The Core Idea: Aggregate from Neighbours
Every GNN follows the same fundamental principle, called message passing:
Each node’s new representation = function(its current representation, representations of its neighbours)
After k iterations, node v’s embedding captures information from all nodes up to k hops away (its k-hop neighbourhood).
This is beautiful because:
- Nearby nodes influence each other (just like in the real world).
- The same aggregation function works on graphs of any size.
- The function is learned from data, so it adapts to the task.
Concrete numerical example. Suppose node A has feature vector [1, 0] and its two neighbours B=[0,1] and C=[1,1]. After one GCN-style layer (mean aggregation + identity weights), A’s new representation is the mean of A, B, C: ([1,0]+[0,1]+[1,1])/3 = [0.67, 0.67]. After a second layer, A’s representation will also absorb B’s and C’s updated neighbours — capturing the 2-hop neighbourhood.
Animated Information Flow
Three Task Levels
GNNs can produce predictions at three granularities:
| Level | What you predict | Example |
|---|---|---|
| Node | Label for each node | Is this user a bot? |
| Edge | Label or score for each edge | Will A befriend B? |
| Graph | Label for the whole graph | Is this molecule toxic? |
For node tasks: use the node embeddings directly.

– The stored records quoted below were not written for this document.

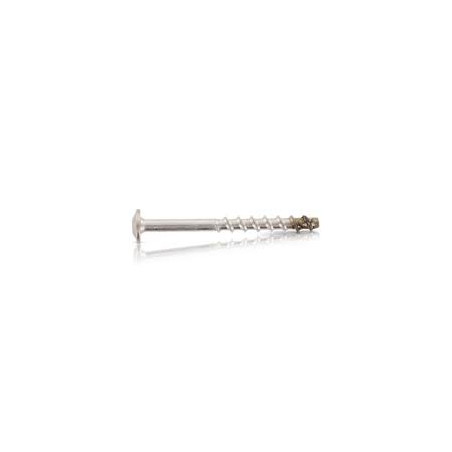 1 x Betonschroeven kop bollig TORX T30 A4 RVS 7,5X80 bedraad op 25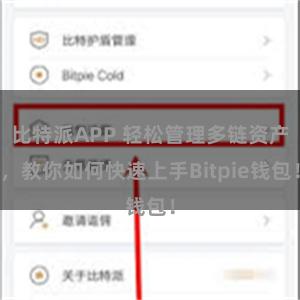 比特派APP 轻松管理多链资产，教你如何快速上手Bitpie钱包！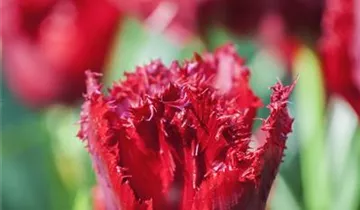 Gefranste Tulpe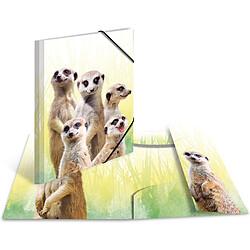 HERMA Chemise à élastiques Animaux exotiques, A3, suricates ()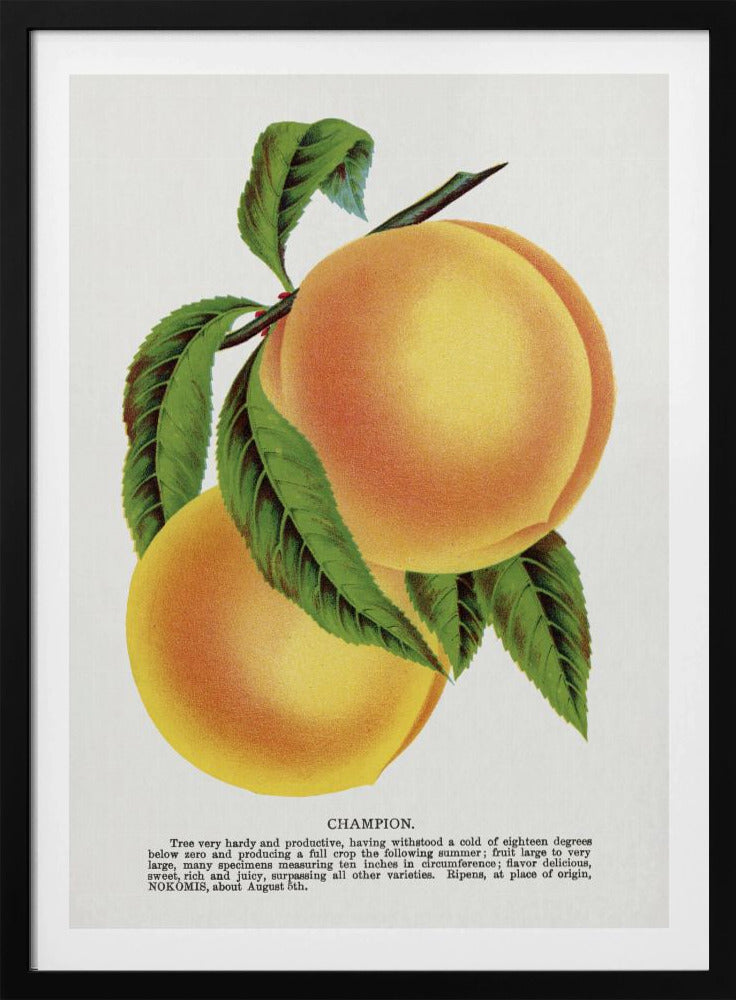 Champion Plum Lithographie | Poster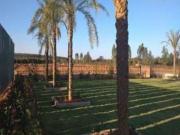 1500 Sq Ft Residential Plot In Peram ECO CITY, Hoskote,...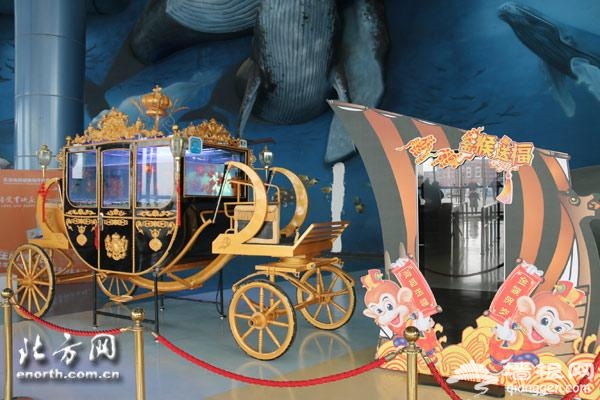 津门首现“海底舞龙” 天津极地海洋世界水中闹新年[墙根网]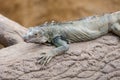 Blue lizard (Sceloporus serrifer) at tree trunk Royalty Free Stock Photo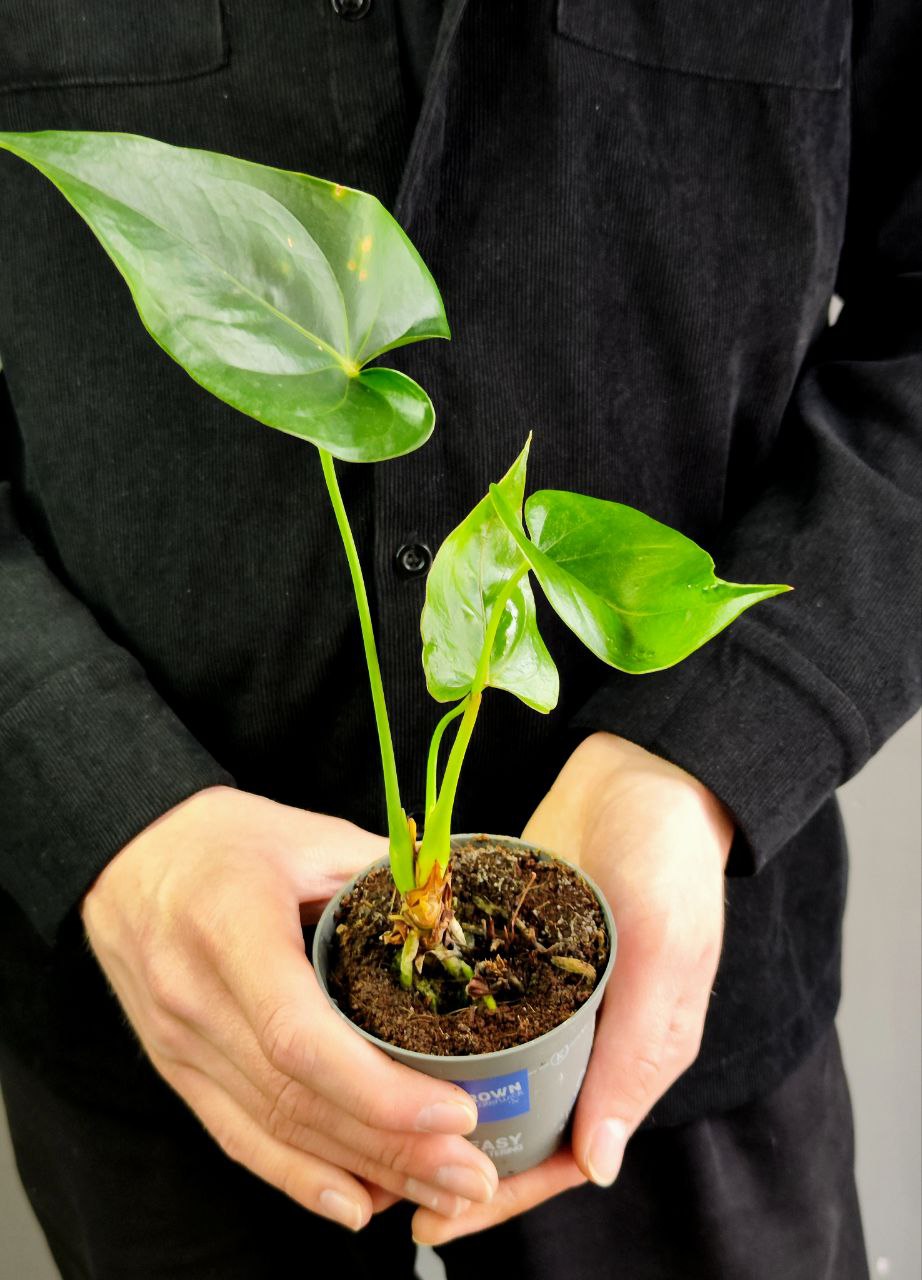 Антуриум Микс УЦЕНКА (Anthurium Mix) D 7-9см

For graph tasks: readout (pooling) the node embeddings into a single graph vector.
The Landscape of GNN Architectures
| Model | Year | Key idea |
|---|---|---|
| GCN | 2016 | Spectral convolution → normalised averaging |
| GAT | 2018 | Attention weights on edges |
| GraphSAGE | 2017 | Inductive learning via neighbourhood sampling |
| GIN | 2019 | Most expressive aggregator (sum + MLP) |
| Sheaf NN | 2022+ | Section-space diffusion, generalises GCN |
✅ Key Takeaways
- Graphs model relational data: atoms, users, papers, intersections — any entities with relationships.
- GNNs learn by iterative neighbourhood aggregation: after k layers, each node knows about its k-hop neighbourhood.
- The same model works on graphs of any size and any node ordering — it's permutation invariant/equivariant.
- Supports node-, edge-, and graph-level predictions via readout pooling.
References
- Hamilton, W. L. (2020). Graph Representation Learning. Synthesis Lectures on Artificial Intelligence and Machine Learning.
- Bronstein, M. M., Bruna, J., Cohen, T., & Veličković, P. (2021). Geometric Deep Learning: Grids, Groups, Graphs, Geodesics, and Gauges. arXiv preprint.